Given the cougar's effectiveness as a deer population control, some biologists think this eastern push is a good thing — one that should even be encouraged or helped along. In an October study, researchers identified several regions along the East Coast that could be suitable habitats, including a section of Pennsylvania north of Du Bois and northeast of Williamsport.
"People do hunt deer, and we are hiring sharpshooters and it hasn't brought their populations down the way that a healthy population of cougars would be able to do," Prugh said. "Cougars are hunting deer year-round. They're able to hunt deer in suburban areas where it's not safe to hunt. They also instill a fear. Predators have an effect on their prey without actually killing them."
But they'd need the cooperation of the Pennsylvania Game Commission and, for now, that's a non-starter. The commission's furbearer biologist Thomas Keller said the PGC would "likely not be supportive of mountain lion reintroduction," pointing to the dangers posed to hikers, pets and other wildlife.
"Although I understand why and what (proponents are) trying to say, I do not agree that this would be the case in Pennsylvania without having other major negative implications," he said in an email. "Even if the habitat model is showing suitability, it's really so many other things that need to be considered such as impacts to other species, impacts to humans, social acceptance and future management."
As biologists are quick to stress, cougars rarely attack humans. A 100-year survey of cougar attacks in the U.S. and Canada found only 10 deaths and 48 injuries. But they are less shy of pets and livestock, and they don't necessarily stay in the woods, either. Most of the recent cougar sightings east of the Rocky Mountains were confirmed due to some kind of crash with a train or vehicle — and as any Angeleno could tell you, some of them even reside in cities.
"In one sense you would return a missing ecological community member back to the forest system," Keller said. "But there is certainly major costs to that return. When we consider apex predators currently we have the black bear, and then to a lesser degree the coyote. How would mountain lions impact black bears? How would mountain lions impact the entire trophic scale underneath them? Are Pennsylvanians OK with these changes? Are hunters OK with fewer deer?"

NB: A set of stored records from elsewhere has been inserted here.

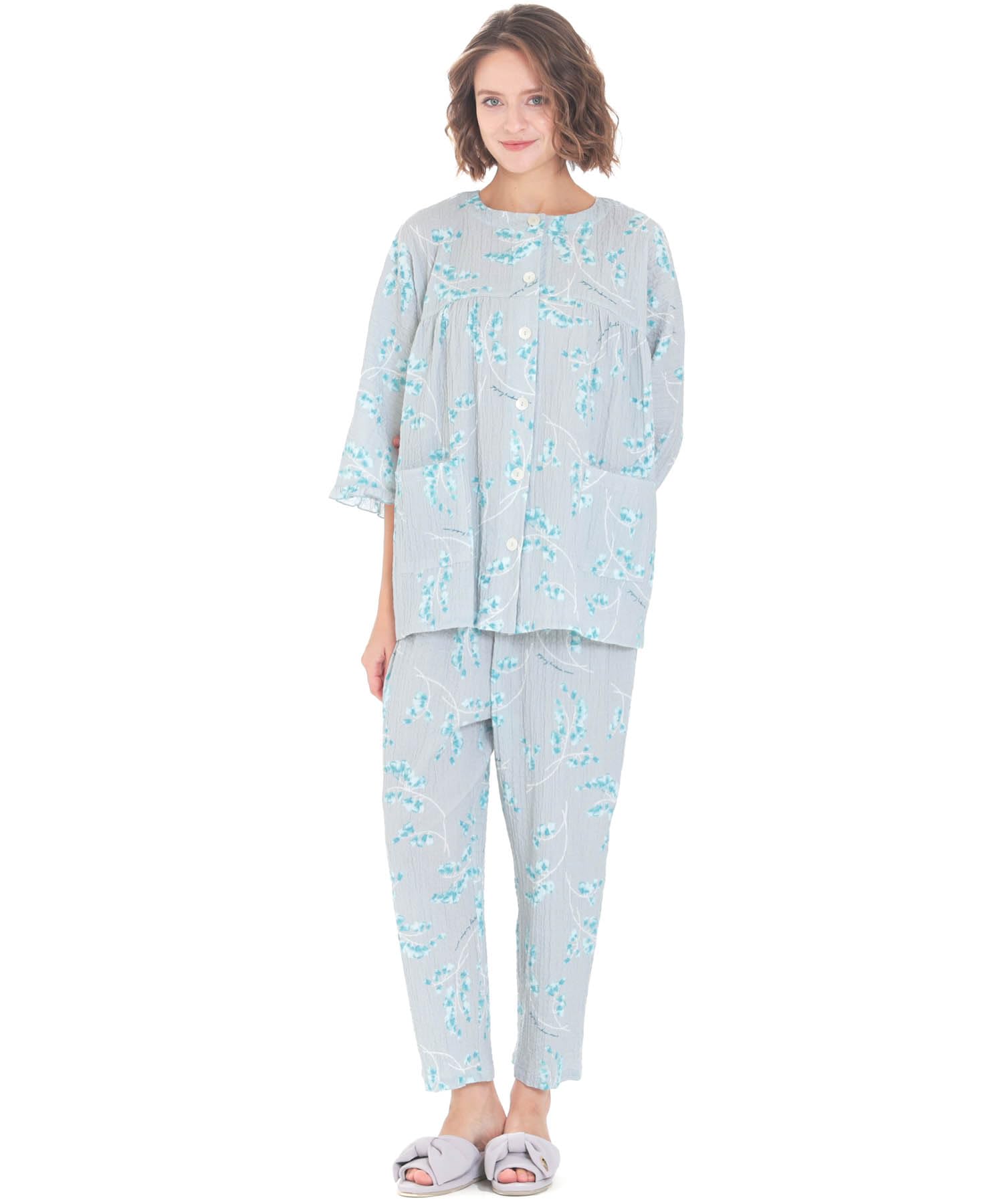 

Narue Pajama Shirring Boa Freesia Gray Set, Pajamas, Women s, сірий колір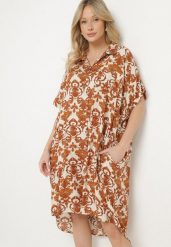 Brązowa Pudełkowa Sukienka Koszulowa z Wiskozy w Ornamentalny Print Vanisse. Brązowe sukienki damskie Born2be, na co dzień, na lato, l, bez wzorów, z wiskozy, bez kołnierzyka, bez ramiączek, mini, koszulowe. Za 74.99 zł.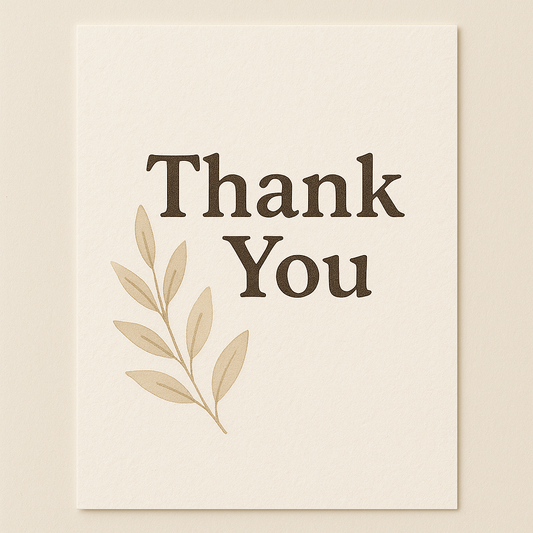 Minimalist Botanical Thank You Card
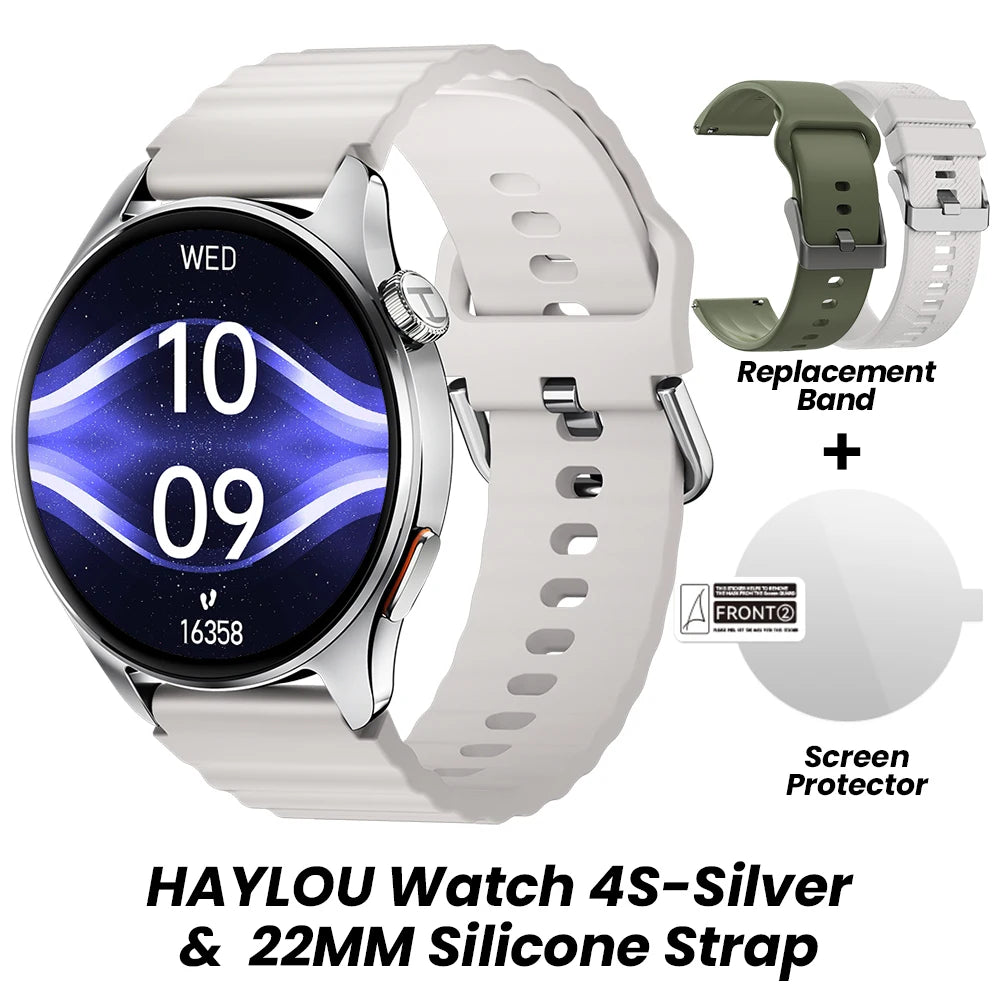 HAYLOU Watch 4S GPS Smartwatch - 1.43" AMOLED, 5-Satellite Positioning, Bluetooth Calling, 120+ Sports Modes, 18-Day Battery, Rotating Crown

If cougar reintroduction were to become a serious consideration, the game commission would first need to conduct a feasibility assessment, a "long and careful process," in Keller's estimation, that ends with a recommendation for or against reintroducing a species.
Last year, the commission recommended reintroducing the pine marten, a much smaller and cuter omnivore once native to Pennsylvania. But even that little guy isn't prowling the Poconos yet. The commission still needs to submit a management plan, due this June, gain approval and mount a public education campaign before the first marten steps on Pennsylvania soil.
If the pine marten requires this much paperwork, one can imagine where that leaves cougars. For now, the state will stick with its current deer management plan, which leans heavily on hunting.
Cougars in Pennsylvania may still be a pipe dream in 2023, but who knows? Maybe someday, one of those fake cougar sightings will turn out to be true.